- WORK REQUIRED
Among the entries below, find the line with "Klasyczne BMW serii" and the line with "Ein Bett oder". Return exactly those lines and every line between them, but no pictures.

[Short web captions]
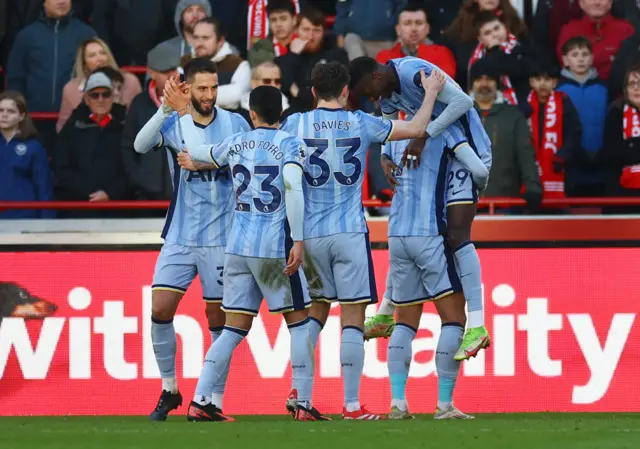 Tottenham Hotspur's Pape Matar Sarr celebrates scoring their second goal with teammates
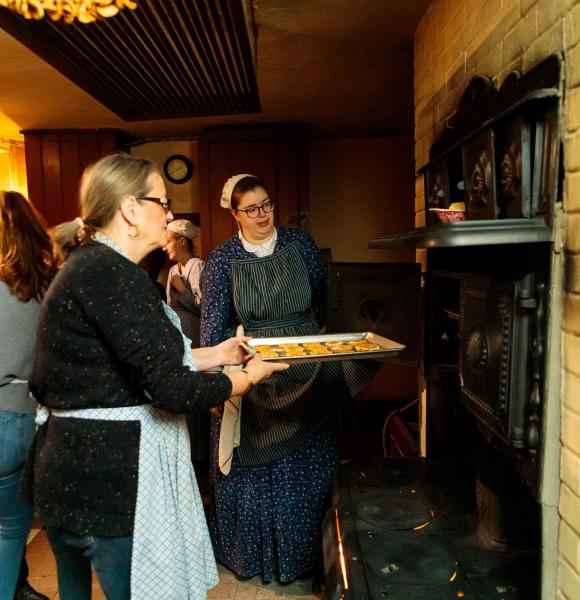 Cook demonstrator putting a tray of cookies in the oven during cooking workshop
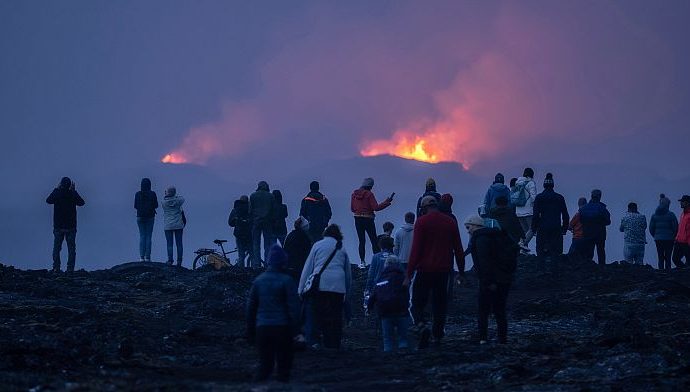 tourists-watch-cooling-lava-as-iceland’s-volcanic-activity-slows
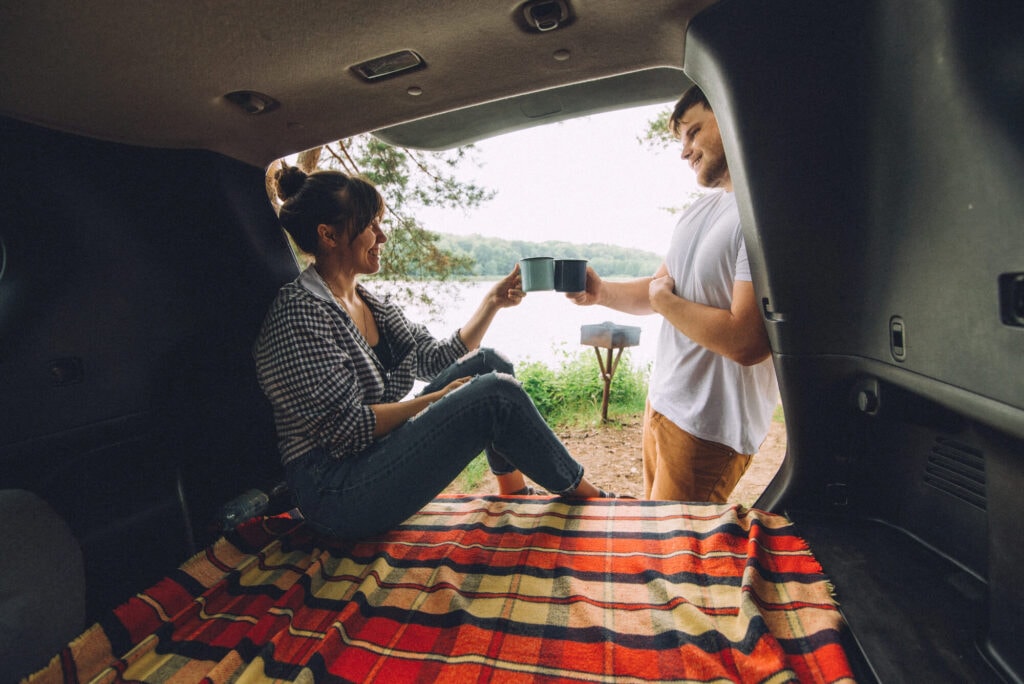 couple having a picnic in the back of a car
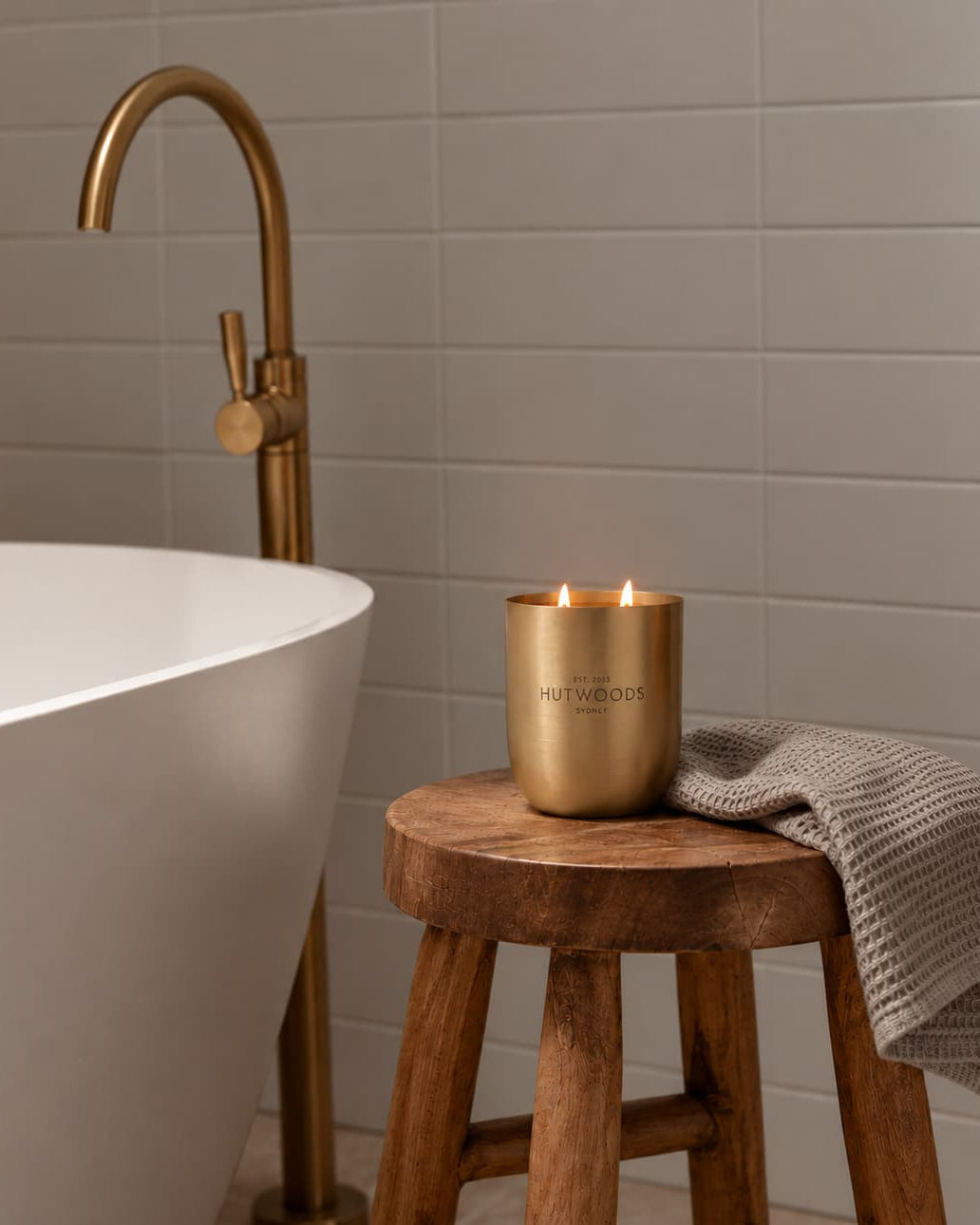Scandinavian Bath setting with Brass Metal Hutwood XL Candle glowing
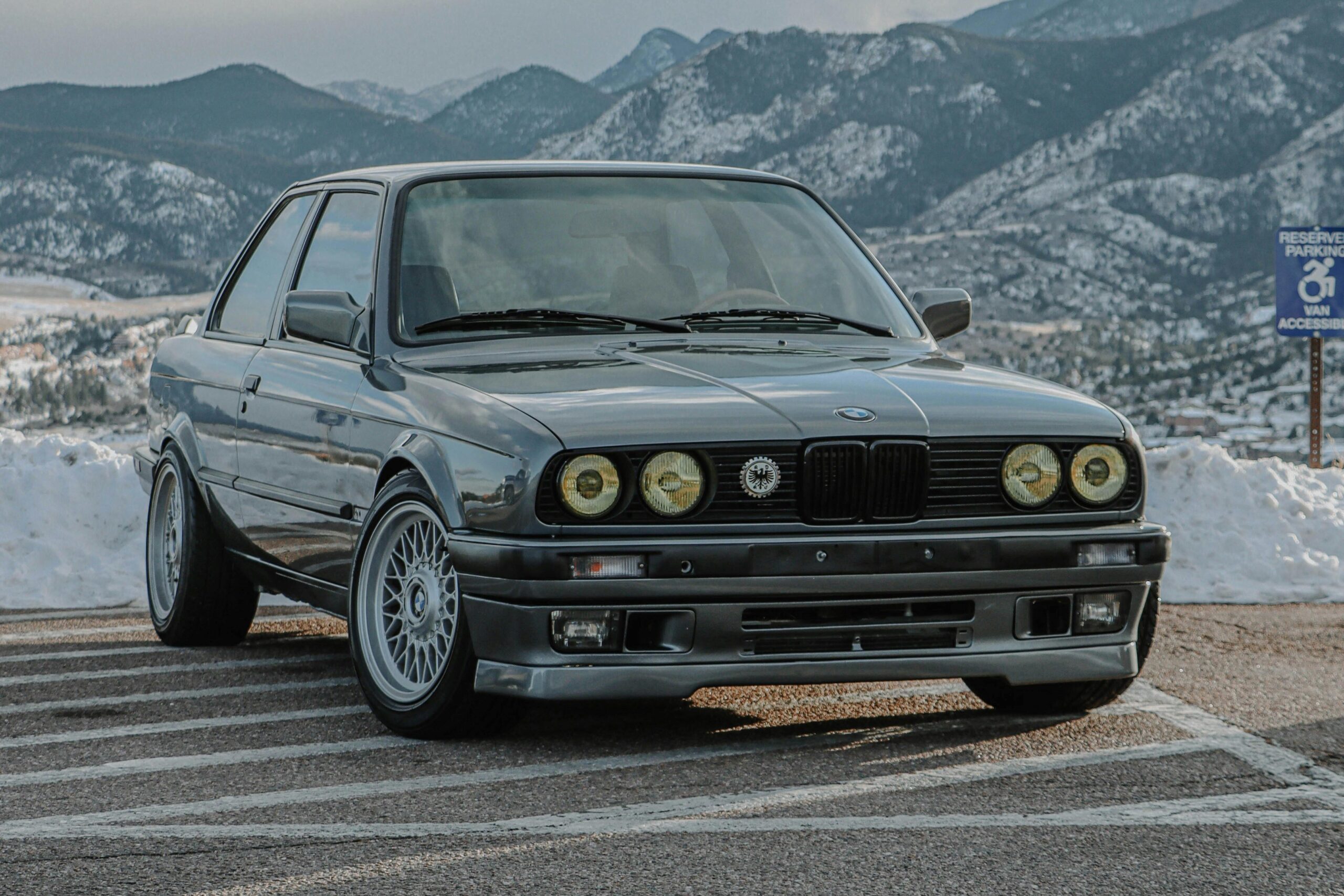 Klasyczne BMW serii 3 E30 zaparkowane na parkingu z górskim krajobrazem w tle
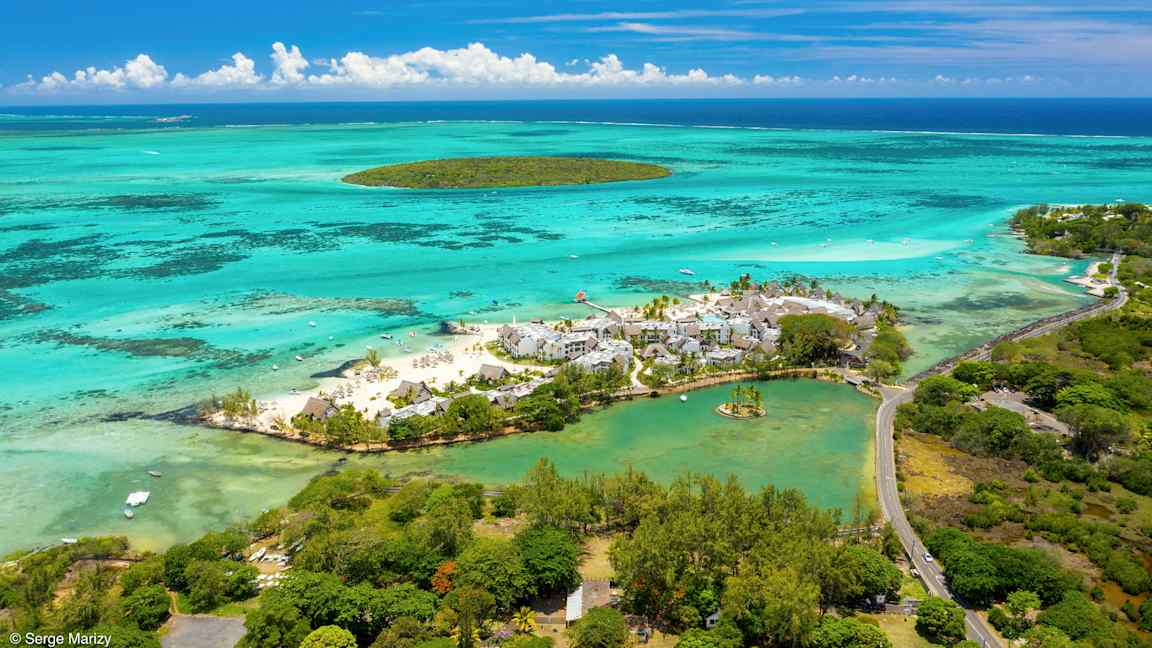 Flyfoto av en strandresort omgitt av turkisblått vann og grøntområder. (AI-generert tekst)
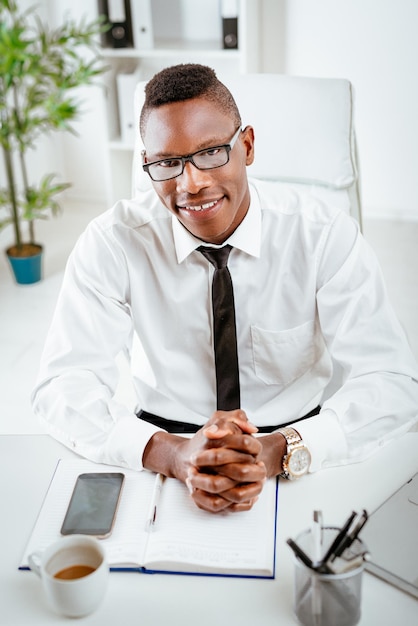 Hombre de negocios sonriente africano con gafas sentado en la oficina y mirando a la cámara.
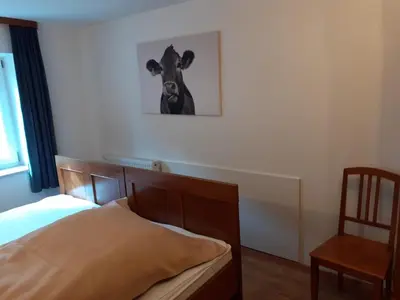 Ein Bett oder Betten in einem Zimmer der Unterkunft Ferienwohnung Melanie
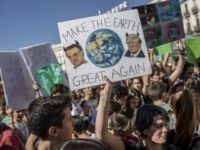 A student holds a banner showing images of U.S. President Donald Trump, right, and Brazil President Jair Bolsonaro during a pro-environment protest in Madrid, Spain, Friday March 15, 2019. Students mobilized by word of mouth and social media skipped class Friday to protest what they believe are their governments' failure …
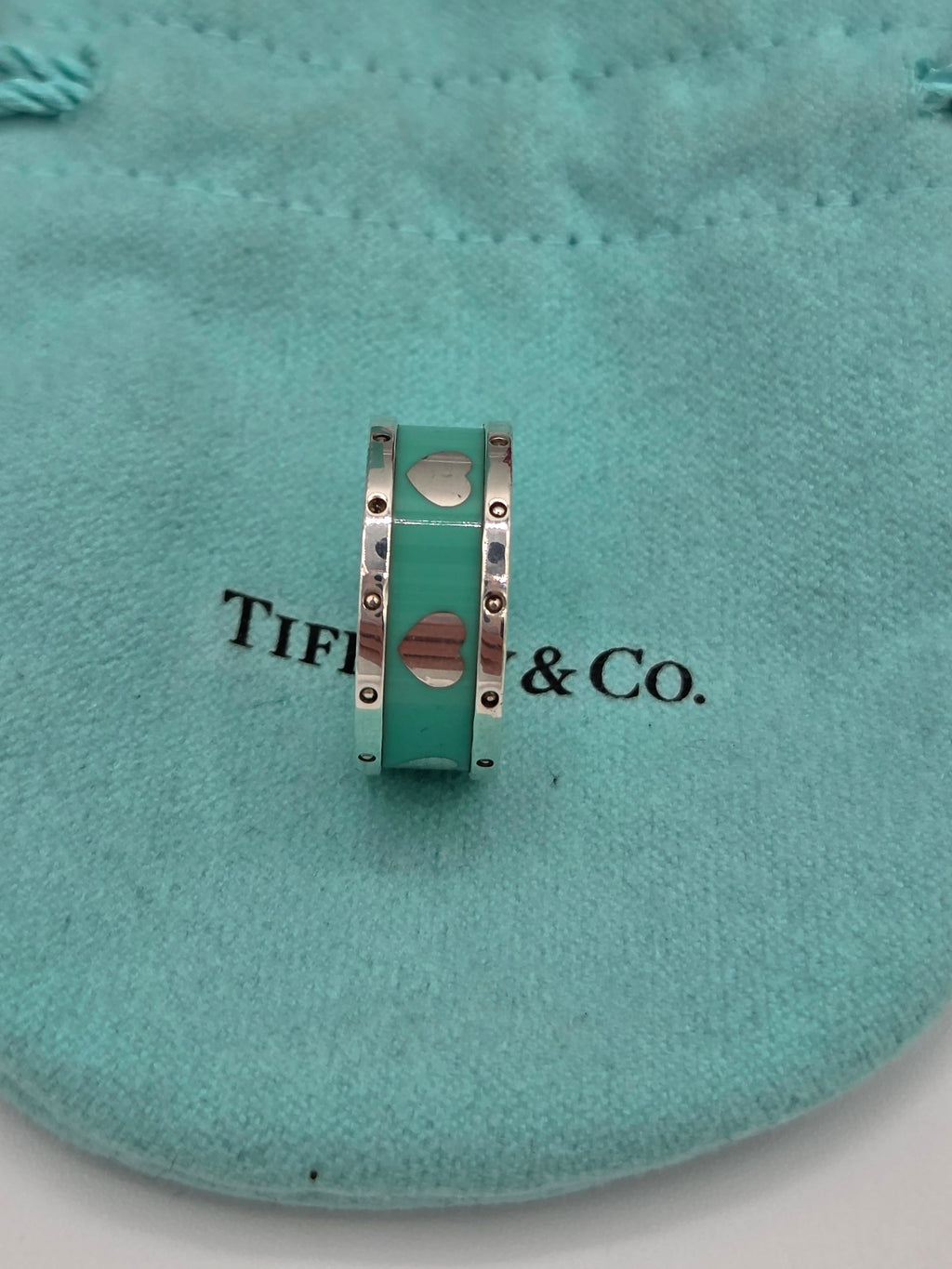 Tiffany & Co. bracelet with heart charms on a teal cushion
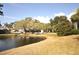 Scenic view of a backyard pond surrounded by lush landscaping and mature trees at 5565 Salem Square N Dr, Palm Harbor, FL 34685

- ANSWER TO THE PROBLEM
 Klasyczne BMW serii 3 E30 zaparkowane na parkingu z górskim krajobrazem w tle
 Flyfoto av en strandresort omgitt av turkisblått vann og grøntområder. (AI-generert tekst)
 Hombre de negocios sonriente africano con gafas sentado en la oficina y mirando a la cámara.
 Ein Bett oder Betten in einem Zimmer der Unterkunft Ferienwohnung Melanie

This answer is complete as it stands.